Many employers are intrigued by the idea of using artificial intelligence to improve their hiring processes, but candidates remain a good bit more wary.
My colleagues, John Capman, Manuel Gonzalez, Achim Preuss and I recently conducted an online experiment to examine whether people would react differently to an AI versus a human decision-maker, and whether these reactions depend on whether a job offer is given at the end of process. What we found suggests that people react unfavorably both to AI and the organizations that use them, and that the experience taints people’s impressions of the employer even if they are offered a job.
So how can employers help candidates feel more comfortable with their hiring process? Here are steps you can take to address concerns about AI and increase candidates’ trust in the talent assessment process.
Focus on the Human Touch
Hiring managers should take care to maintain a sense of human connection during the hiring process and allow for human connection to keep the process from feeling too impersonal.
Specifically, while AI operates autonomously, people mistakenly interpret this autonomy as an indication that humans can’t fully control the system. The data suggest that these concerns might lead people to react unfavorably toward AI and the organizations that use it for selection purposes.
Applicant reactions appear to be based primarily on concerns about impersonal treatment rather than about the fairness of the selection process. Applicants who reacted negatively to AI also had several unpleasant emotions about the organization — namely anger, skepticism and reduced hope and excitement during the selection process.
Concerns about AI can even potentially spill over after a job offer is made. The selection process is often one’s first encounter with the organization, and feelings of a lack of human interaction or impersonal treatment during the process can shape one’s expectations of organizational behavior.
These feelings could have lingering effects on the candidate even after the selection process. That’s why it’s important for companies to ensure that candidates are interacting with people, not just machines. That human contact helps assuage their concerns about the role AI plays in the hiring process and helps them trust that humans--not machines--are making the decisions.
Emphasize Education and Consent
Education can curb candidate anxiety about the use of AI in talent assessment. Organizations can instruct applicants on how the AI works, explain how and why they’re using AI, and describe the benefits of this approach, such as a better role and organizational fit. Increasing the knowledge of their applicant pool about the role AI plays in their hiring process allows candidates to feel more comfortable with the process.
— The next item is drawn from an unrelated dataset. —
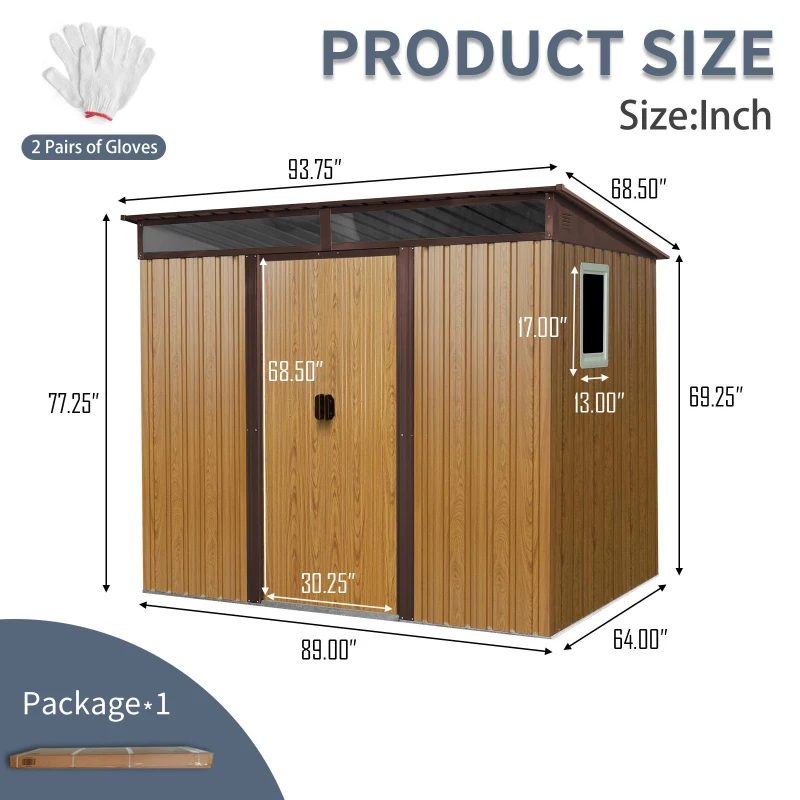 8 x 6 ft Outdoor Metal Storage Shed with Window and Galvanized Steel, Outbuilding for Garden Hobbyists, 93.5'' L x 68.5'' W x 77'' H, Coffee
The need for education is particularly critical in the face of increasing calls for transparency regarding how organizations use their applicants’ data. Organizations are already required by law to obtain consent from job applicants in the European Union if they wish to apply automated decision-making strategies.
Educating applicants and providing greater transparency during the consent process can ease concerns about AI. Aon’s research suggests that providing such explanations can lead people to react favorably during selection processes by making them feel more informed and respected by the organization.
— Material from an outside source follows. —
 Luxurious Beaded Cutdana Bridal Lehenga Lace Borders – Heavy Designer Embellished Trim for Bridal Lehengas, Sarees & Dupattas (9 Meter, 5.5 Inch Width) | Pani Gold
Embrace Radical Transparency
AI in talent assessment can’t be a “black box.” Companies must be transparent with applicants about their use of AI in the hiring process. A “glass-box” AI in which all stakeholders understand what’s being measured and how those measurements are used makes education easier, reduces legal and regulatory risks, and reduces applicants’ anxieties about the talent assessment process.
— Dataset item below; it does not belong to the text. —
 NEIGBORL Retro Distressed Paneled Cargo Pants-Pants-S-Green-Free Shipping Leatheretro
Candidates who are more familiar with AI are generally more accepting of its use. We found that participants who were highly familiar with AI were equally as trusting of an AI decision-maker as a human decision-maker. That means their reactions to the selection decision were not affected by whether the decision-maker was an AI or a human.
As a result, these applicants may have fewer concerns regarding transparency, our research suggests. As people understand how much human involvement goes into designing and applying AI, they may have fewer concerns than someone who has little knowledge about AI.
Organizations that use AI in hiring need to bolster the amount of interpersonal contact with and respectful treatment of applicants during the selection process. Even if an AI system is used to automate the decision-making process, applicants may find comfort in having open lines of communication with a contact person at the organization while they are applying.
The more information applicants have about how your organization is using AI, the more likely they are to embrace it.